## Activity
Retype all data exactly as given. Pictures should not be retyped.

## Records for this exercise
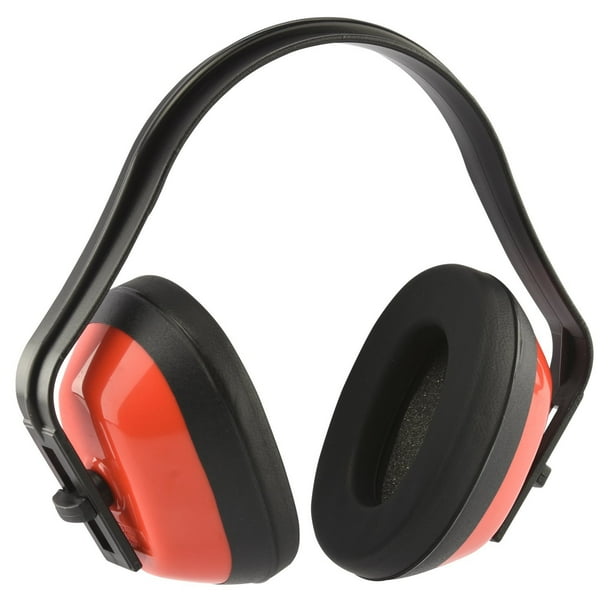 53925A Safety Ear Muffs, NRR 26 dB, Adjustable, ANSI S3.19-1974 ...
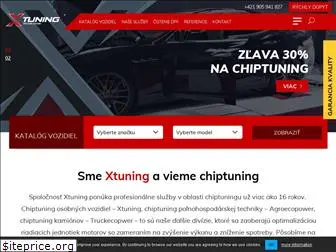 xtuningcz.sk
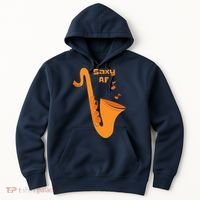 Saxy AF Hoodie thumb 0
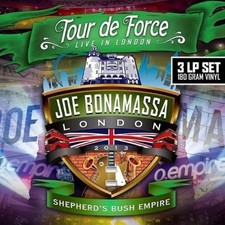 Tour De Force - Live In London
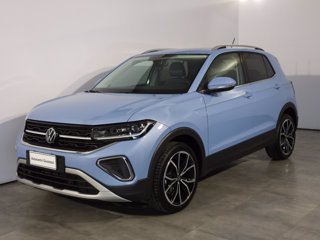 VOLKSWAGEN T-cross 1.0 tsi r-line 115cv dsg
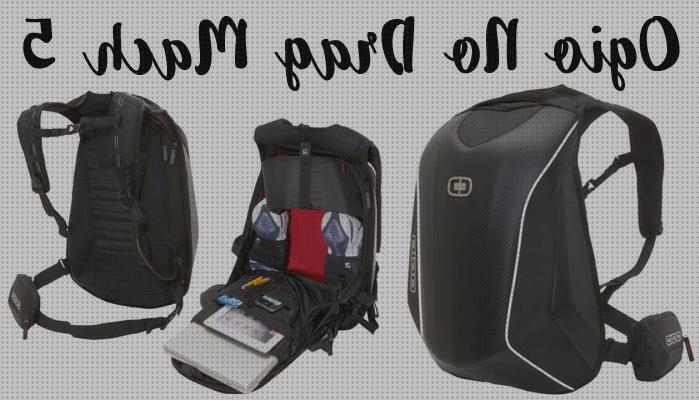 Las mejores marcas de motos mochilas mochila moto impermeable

## Exercise response
 53925A Safety Ear Muffs, NRR 26 dB, Adjustable, ANSI S3.19-1974 ...
 xtuningcz.sk
 Saxy AF Hoodie thumb 0
 Tour De Force - Live In London
 VOLKSWAGEN T-cross 1.0 tsi r-line 115cv dsg
 Las mejores marcas de motos mochilas mochila moto impermeable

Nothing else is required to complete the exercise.